IK: Yes. The fact that the U.S. came to Russia as a real economic and political player with its own interests, which could well contradict Russian interests, also played a role. By the way, the same “discovery” of America took place in Western Europe after World War II, when the U.S. arrived there with its military bases, McDonalds, tourists—to the annoyance of many. And these were the attitudes despite the U.S. help of the Marshall Plan. It was especially noticeable in France and Italy, where, previously, no anti-Americanism had existed at all. All subsequent French and Italian anti-American sentiments grew out of this “anti-Americanism of acquaintance.” Russia and Eastern Europe entered a similar situation in the 1990s. This initial anti-Americanism became the foundation for Russian state propaganda in the 2000s, which has become widespread on a massive scale following the events of the winter of 2011–2012.

OK: Because of the antigovernment protests.

IK: Yes, these were mass protests essentially against Putin’s return to power. After that, what has changed in Russia’s domestic policy? The crucial point is that Putin has ceased to present himself as the president of all Russians, as a unifying paternalist leader who can simultaneously support, say, both the Stalinists and Memorial, the nationalists and liberals. At least in the 2000s, his public image was constructed to include all. Since 2012, there has been a clear division: there is Putin’s electorate and those he dislikes.

OK: An internal enemy?

IK: Those whom he considers to be internal enemies. A significant part of the Kremlin’s domestic policy from that moment was aimed at splitting society. Why is it important? Because as soon as the regime declared opposition groups in Russia to be internal enemies, demonization of America developed on a massive level. Opponents of the regime were labeled as “foreign agents,” and for propaganda purposes, the U.S. was cast in the role of their [“puppet master”]. If you analyze the tone of the newsmakers or propagandists who appear on Russia’s state television, when they speak about the U.S., you will see how dramatically it changed in 2012. Since then, it has only been downhill. 

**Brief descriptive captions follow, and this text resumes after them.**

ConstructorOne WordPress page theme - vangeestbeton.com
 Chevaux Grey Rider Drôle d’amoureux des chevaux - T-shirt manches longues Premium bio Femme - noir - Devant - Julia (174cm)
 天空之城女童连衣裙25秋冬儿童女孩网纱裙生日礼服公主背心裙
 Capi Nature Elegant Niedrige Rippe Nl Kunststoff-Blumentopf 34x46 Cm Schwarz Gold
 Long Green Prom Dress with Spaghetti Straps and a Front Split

OK: Do you mean that propaganda skillfully manipulates the existing public sentiments, including anti-Americanism?

IK: If you look at the Levada polls, you will see that, despite their disappointment in America, the majority of Russians have actually always tended to see it in friendly terms. Aside from the moments when U.S. sanctions were imposed or when propaganda made special efforts to vilify America, Russians generally do not see it as their enemy. This tendency is clearly visible when the Russian government makes attempts to improve relations with the United States. Public expectations in Russia skyrocket, as happened during the “reset” meeting between Medvedev and Obama. Even before Putin’s less fortunate meeting with Trump in Helsinki, Russians’ attitudes toward the United States had improved. That is, the propaganda narratives do not fully coincide with public expectations. The propaganda does exploit that part of Russian society that is completely disillusioned with America and tries to amplify its anti-Americanism. But if a new “reset” or a new “détente” is declared, Russian attitudes about America will bounce back again. Moreover, today, people in Russia are ready for a more sober understanding of the United States, for accepting that it is not an eternal enemy, but a normal country pursuing its own interests. This understanding will crystallize as soon as the propaganda machine is turned off. And it will be a healthier attitude on behalf of Russia than their previous fantasies of a utopian America or its demonization.

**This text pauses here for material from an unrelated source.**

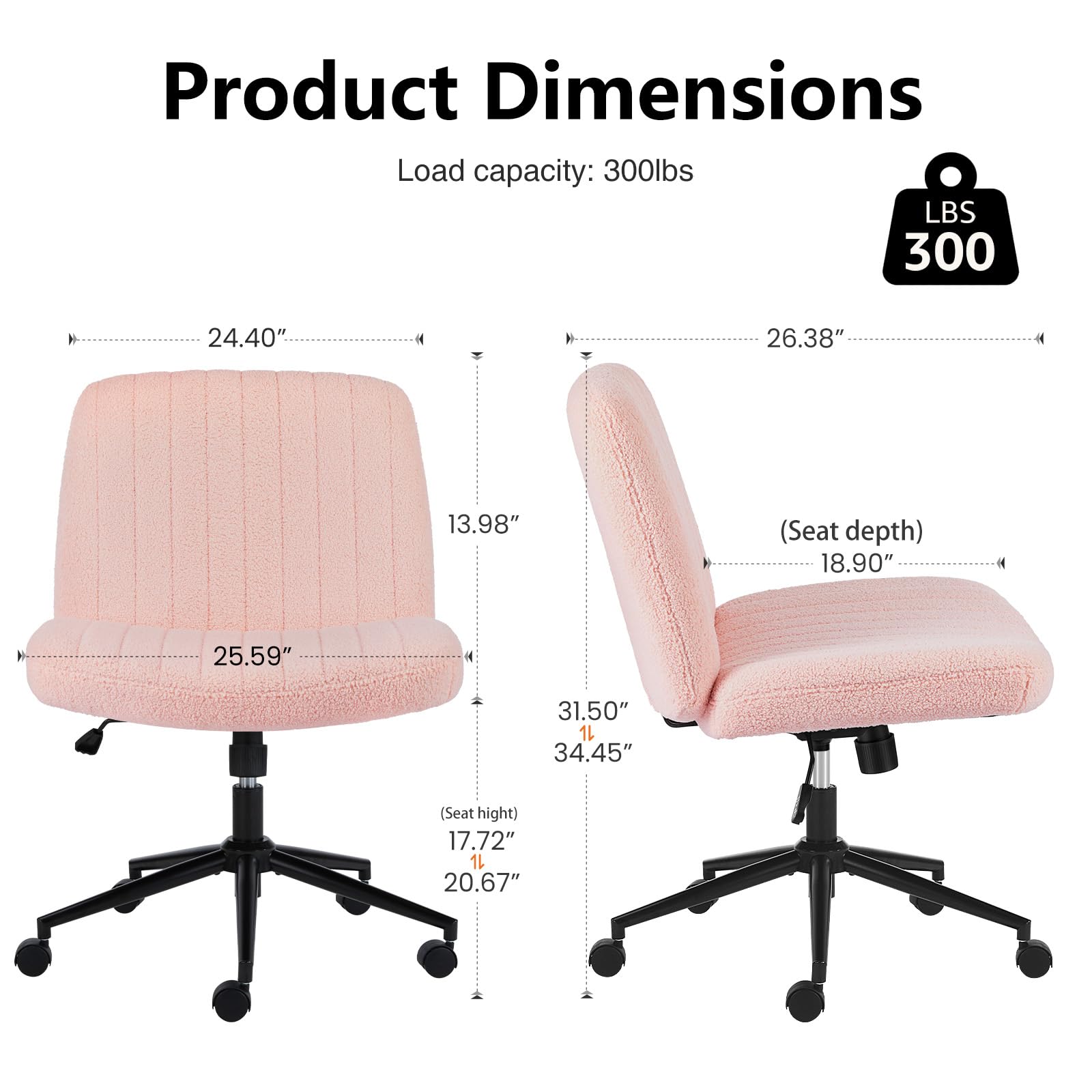 Criss Cross Chair with Wheels Wide Cross Legged Office Desk Vanity Chair Comfy Fabric Armless Adjustable Swivel for Home Computer Task Teddy Pink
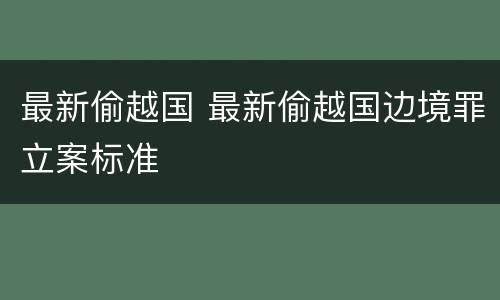 最新偷越国 最新偷越国边境罪立案标准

Part IV: Do Polar Opposite Attract?

OK: In your studies, you describe the U.S. as Russia’s “constitutive Other.” What do you mean by this concept?

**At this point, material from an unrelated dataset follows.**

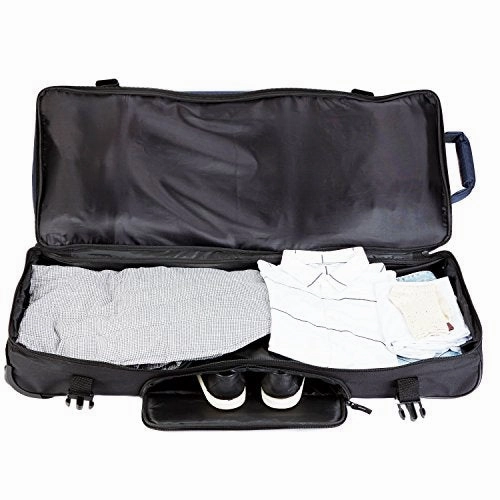 Travelers Club 36" ADVENTURE Double Packing Compartment Rolling Duffel, Navy with Gray Color Option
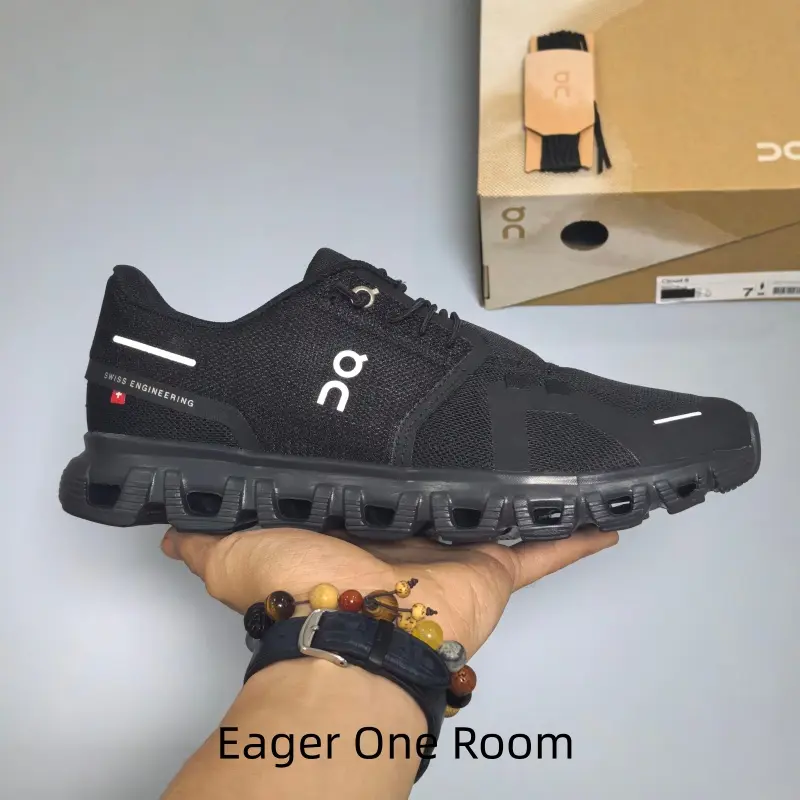 All black monochrome minimalist cloud mesh running sneakers, sleek dark neutral sports footwear, versatile all-match workout, travel and daily commute wardrobe essential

IK: This is a social constructivist term, but slightly modified. There is a book about this by [Norwegian researcher] Ivar Neumann called Using the Other. At the heart of social constructivism is the problem of identity, namely, the search for an answer to the question “who are we?” There are two main strategies that can be used to answer this question. The first is to describe yourself from within. If we are talking about a country or a people, then the answer in this strategy will be related to history: we are heirs of some glorious ancestors or descendants of victims of some misfortunes. The second strategy is to compare yourself with someone else—the Other. For example, when I was in Canada, I once asked people there what it means to them to be Canadians, and the most popular answer was “we are not Americans.”

OK: Self-determination through contrast?

IK: Yes. When you describe yourself this way, the one you compare yourself with is the “constitutive Other.” This is an Other that, by contrasting ourselves with them, we define ourselves. In the 1990s, the popular answer to the question of “who are we?” in the former Soviet republics was “we are not Russians.” For former colonies, the constitutive Other is often the former metropolis: “we are not like them.” For large countries, former metropolises themselves, self-identification can go through countries with which they have historically been enemies or friends. In that sense, Russia and the U.S. have defined themselves through opposing each other for almost a hundred years. 

OK: So the opposition began before the Cold War?

IK: Much earlier. If you look at the U.S. political texts of the last hundred years, you will see how often Russia, or the Soviet Union, is invoked to explain something about the United States. One need not even say how often this happens in Russia. There was a famous episode in history: In 1919, the U.S. expelled more than 200 anarchists and socialists—mostly naturalized Americans—put them on the ship called the Buford and sent them to Soviet Russia. The U.S. government’s message was this: America is not a place for the left; anarchists and socialists, you have your own country, Russia, that’s where you should live. This is a direct personification of the constitutive Other: “we are Americans, not socialists.” This legacy is still alive in our views and the ways we describe each other.

OK: One can understand why the United States became a constitutive Other for Russia, but why did Russia become one for the United States?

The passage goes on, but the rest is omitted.